# [Given data]
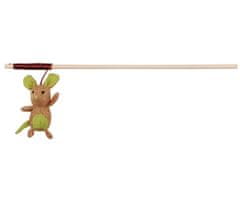 Trixie Udice s látkovou hračkou - myškou 40 cm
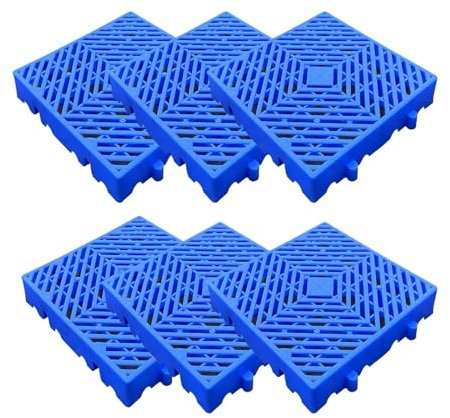 Palets de plástico for almacenamiento en sótanos, palets de plástico apilables for almacenar productos básicos, palets de plástico for el suelo de la jaula exterior de perros, almacenamiento en frío(6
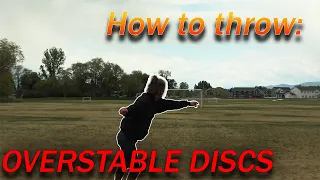 How to Throw Over Stable Discs| Disc Golf|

# [Task details]
Beginning at the line that contains "Palets de plástico for almacenamiento", retype each line of the data above through the very last one. Do not retype the pictures.

# [Solution to the problem]
 Palets de plástico for almacenamiento en sótanos, palets de plástico apilables for almacenar productos básicos, palets de plástico for el suelo de la jaula exterior de perros, almacenamiento en frío(6
 How to Throw Over Stable Discs| Disc Golf|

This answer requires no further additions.